▶ _What is expected_
Would you repeat the entries below exactly and omit the pictures?

Stored data entries:
——

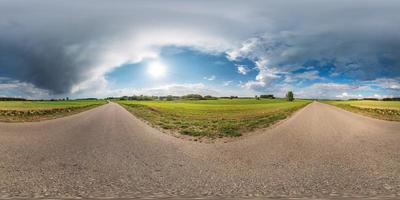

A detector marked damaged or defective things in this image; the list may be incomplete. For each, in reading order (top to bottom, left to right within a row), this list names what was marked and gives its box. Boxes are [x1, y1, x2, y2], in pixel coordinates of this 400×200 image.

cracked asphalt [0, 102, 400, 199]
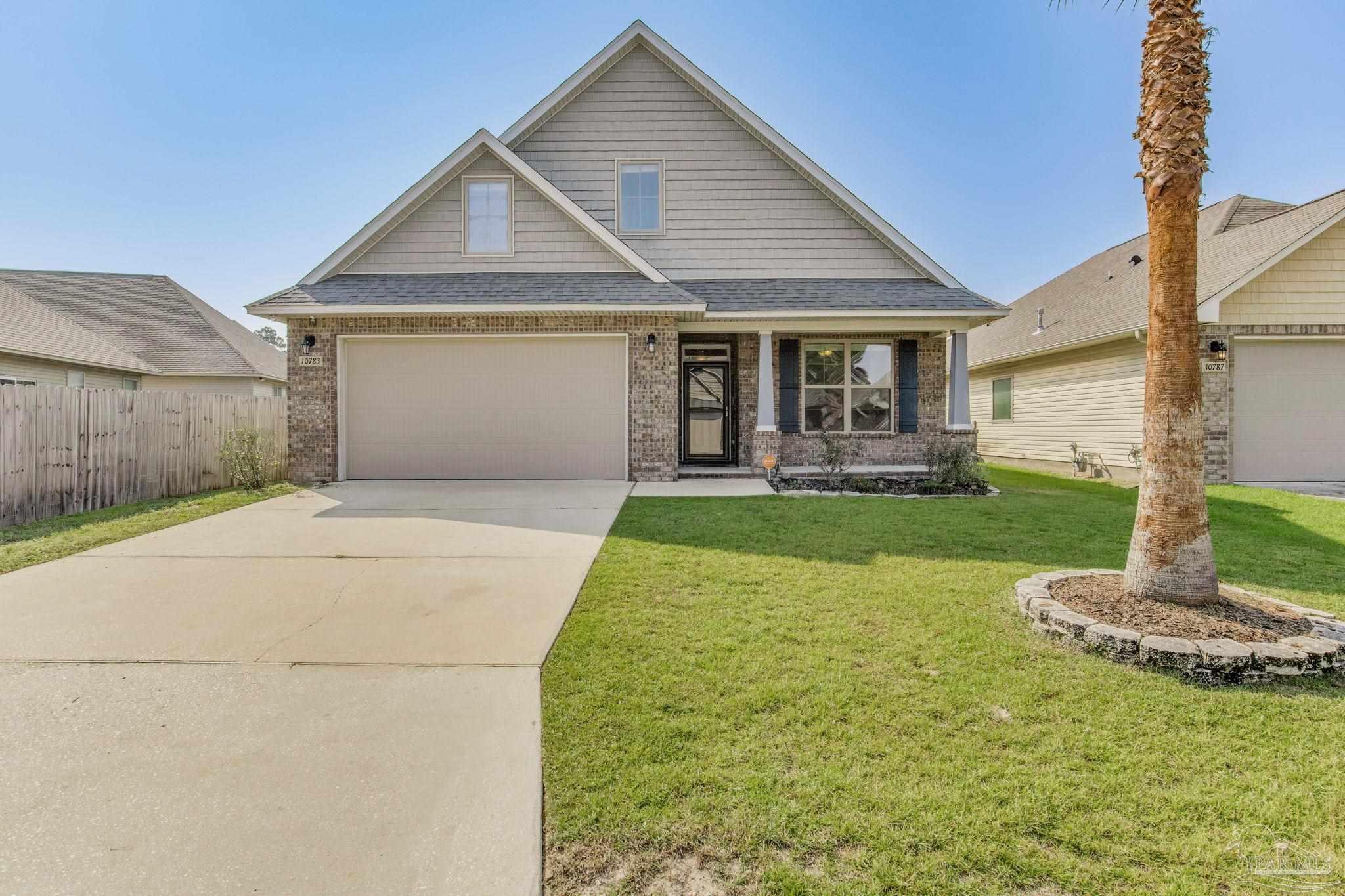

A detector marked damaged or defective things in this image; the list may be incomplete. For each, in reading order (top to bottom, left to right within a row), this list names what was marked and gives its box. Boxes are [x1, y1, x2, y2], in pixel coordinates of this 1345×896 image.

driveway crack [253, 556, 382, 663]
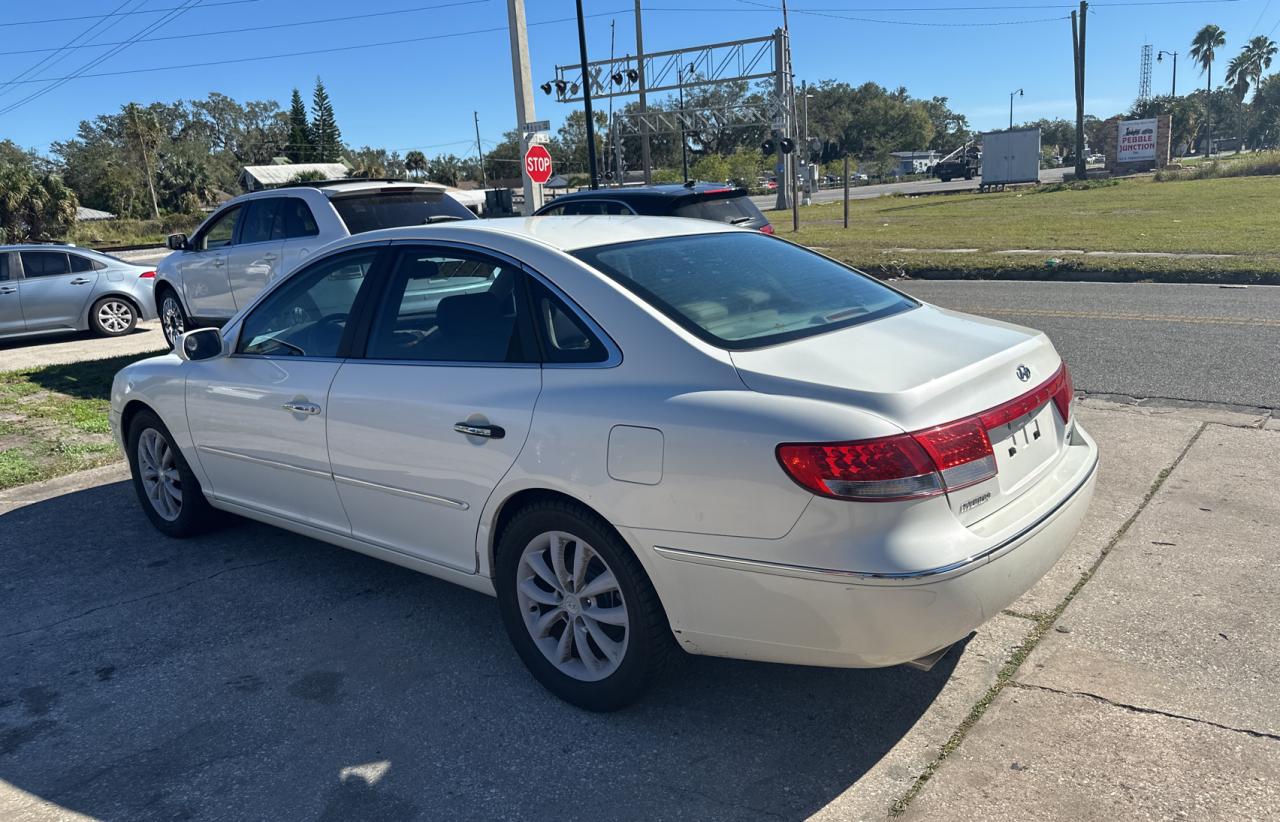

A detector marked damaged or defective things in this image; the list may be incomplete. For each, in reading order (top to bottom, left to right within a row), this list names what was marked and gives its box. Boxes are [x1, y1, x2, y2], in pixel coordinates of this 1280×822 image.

——

▶ _Written solution_
A detector marked damaged or defective things in this image; the list may be incomplete. For each, in reading order (top to bottom, left to right within a row), this list names what was marked and gives its box. Boxes are [x1, y1, x2, y2], in pixel coordinates of this 400×200 image.

cracked asphalt [0, 102, 400, 199]

A detector marked damaged or defective things in this image; the list may be incomplete. For each, in reading order (top to bottom, left to right within a row), this list names what was marked and gives its box. Boxes are [x1, y1, x2, y2], in pixel coordinates of this 1345×896 image.

driveway crack [253, 556, 382, 663]

A detector marked damaged or defective things in this image; the list may be incomplete. For each, in reading order (top to bottom, left to right within a row), this list names what was marked and gives its box. Boxes are [x1, y1, x2, y2], in pixel coordinates of this 1280×822 image.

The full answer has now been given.